Among the neural network-based speech synthesis methods, the most commonly used are a recurrent neural network-based method (DNN), a recurrent neural network-based (RNN) method, and a long-term memory network-based (LSTM) method. The method for synthesizing a bidirectional RNN proposed by Schuster, which is used as a sequence learner, can encode context information of a current frame to generate a bidirectional sequence and perform modeling through sequence learning. Hochreiter et al, to solve the problem of gradient disappearance of conventional RNN, propose a new Long Short Term Memory LSTM (Short-time Memory) structure. A more recent popular approach is to employ deep belief networks (DBMs) while modeling the relationship of speech and acoustic features. And estimating the function prediction acoustic features through a real-value audio track neural autoregressive density and a deep mixing density network. A deep feed-forward neural network can be viewed as an alternative to decision trees in HMM-based speech. The recurrent neural network is used to express TTS as a sequence-to-sequence mapping problem. Under the constraint of adding context, the long-time memory network combines a Gate Recursion Unit (GRU) based on RNN with a mixed density model to predict the sequence of the probability density function. Therefore, the technical problem of the above reaction is a problem to be solved by those skilled in the art.

Disclosure of Invention

The technical problem to be solved by the invention is to overcome the defects of the technology and provide a novel Uygur speech synthesis method.

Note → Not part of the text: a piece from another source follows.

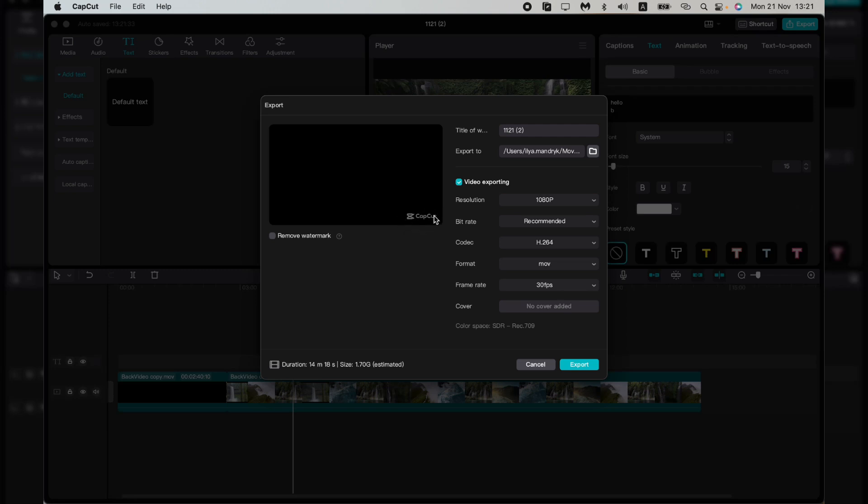Here we can see the 'Remove Watermark' button. To remove it, just click on this button.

In order to solve the technical problems, the technical scheme provided by the invention is a novel Uygur speech synthesis method: the method comprises the following steps:

(1) forming a recurrent neural network by using two recurrent neural networks;

(2) encoding in a source language and decoding in a target language using a recurrent neural network, the encoder mapping variable length linear sequences to fixed length vectors and the decoder mapping vector representations to variable length target sequences;

(3) reading forward from the starting point of the text sequence by using the RNN, and reading from the end point of the text sequence by using another RNN model;

(5) and expanding memory by a long-time memory network, and using an LSTM unit as a construction unit of an RNN layer.

A novel Uygur voice synthesis system comprises a training module and a synthesis module;

the training module is used for constructing language features and extracting acoustic features, and sending data to the synthesis part;

the synthesis module is used for inputting data and receiving the data sent by the training module to synthesize voice.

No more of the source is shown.